Combien de préventeurs et de managers déplorent le fait que les opérateurs ne respectent pas ou pas toujours les procédures de sécurité ou de qualité ?
Car c’est vrai, les opérateurs ne respectent pas toujours les consignes, mettant quelque fois en jeu leur santé ou leur sécurité. Ici un opérateur ne va pas porter ses équipements de protection individuelle. Là il va réaliser une tâche sans toujours respecter ce que prévoit la gamme…
Mais pourquoi les opérateurs ne respectent par les consignes de sécurité ?
On remarque souvent que les opérateurs ne respectent pas les prescriptions, même lorsqu’elles visent à les protéger ?
Loin d’être la marque d’une négligence, cet apparent non-respect des consignes témoigne plutôt d’un écart entre les prescriptions – ce qu’on demande aux opérateurs – et les exigences du travail réel – ce qu’ils font réellement. A chaque instant, les opérateurs réalisent des compromis pour réaliser les tâches qui sont attendues d’eux tout en préservant au maximum leur santé. Cela les amène à faire des choix qui peuvent entrer en contradiction avec les consignes reçues, quelque fois au détriment de leur santé et de leur sécurité. Les exemples sont multiples : c’est l’opérateur qui désactive la sécurité de sa machine pour lui permettre d’effectuer des micro-réglages au fil de l’eau sans pénaliser la production, évitant par là des arrêts machine coûteux. C’en est un autre qui travaille bien plus vite qu’on le lui demande, mais pour pouvoir ralentir momentanément lorsque la fatigue se fait sentir. Ou encore celui qui n’utilise pas la machine récemment acquise pour faciliter les manutentions et continue à porter des charges à bout de bras…

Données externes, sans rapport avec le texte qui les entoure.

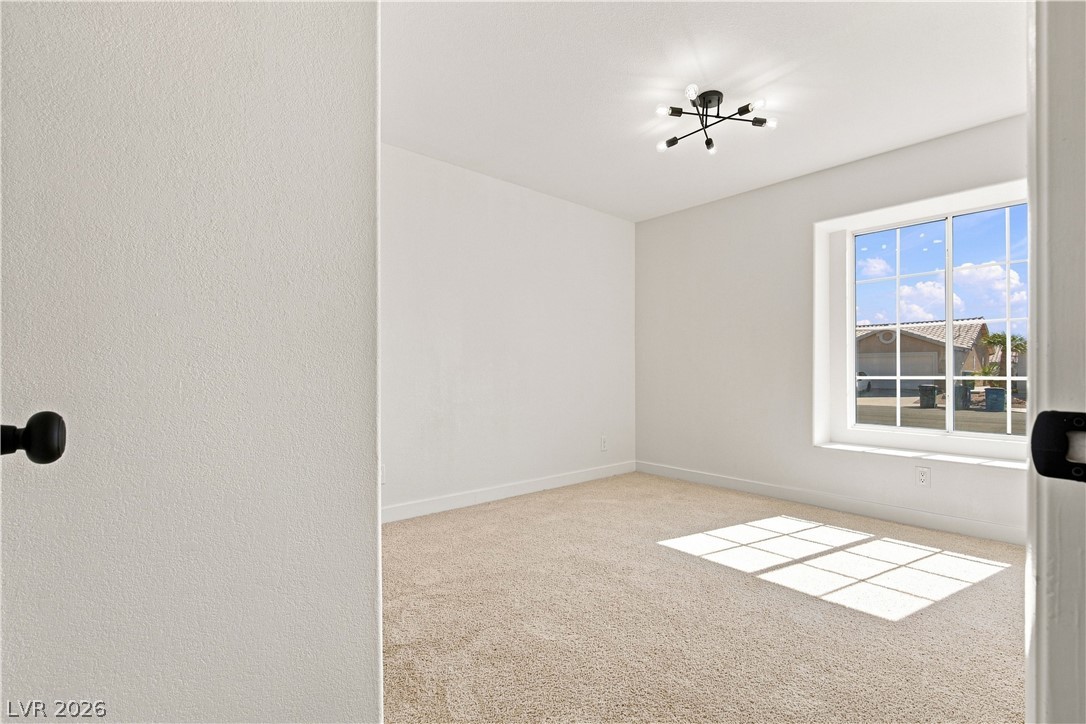 4313 Valley Regents Drive Property Photo 24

Dans tous ces exemples, si les opérateurs n’ont pas « raison » d’adopter ces comportements, ils ont « des raisons » de le faire : réaliser sa tâche avec la précision attendue, respecter la cadence de travail tout en préservant sa santé, améliorer la qualité, gagner du temps, etc.
Vers une sécurité intégrée
Alors comment faire en sorte que les consignes, notamment de sécurité, soient respectées par les opérateurs ? Comment s’assurer que la toute nouvelle machine sera utilisée comme il est prévu qu’elle le soit ? La menace de sanctions ne suffira pas…
La solution passe par une analyse approfondie du travail réel des opérateurs. Il est fondamental de comprendre quelles sont les contraintes auxquelles ils font face. Mais également identifier les ressources qu’ils mettent en œuvre pour atteindre leurs objectifs.
En effet, ce n’est qu’à la condition d’une bonne compréhension des exigences du travail que les consignes et prescriptions s’avèreront adaptées et, par-là, « respectables » par les opérateurs. En effet, comment exiger d’un opérateur qu’il utilise l’escabeau règlementaire quand celui-ci l’empêche de réaliser la tâche avec la précision requise ? En comprenant « leurs raisons », on est mieux à même de proposer moyens, procédures et techniques qui favorisent à la fois la santé et la performance.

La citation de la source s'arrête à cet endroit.